▸ **Exercise goal**
What you return must match the material exactly, with every line present.

▸ **Recorded data**
BEGIN

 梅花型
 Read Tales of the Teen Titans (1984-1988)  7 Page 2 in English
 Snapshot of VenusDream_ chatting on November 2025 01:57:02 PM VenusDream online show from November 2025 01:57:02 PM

END

▸ **Task solution**
 梅花型
 Read Tales of the Teen Titans (1984-1988)  7 Page 2 in English
 Snapshot of VenusDream_ chatting on November 2025 01:57:02 PM VenusDream online show from November 2025 01:57:02 PM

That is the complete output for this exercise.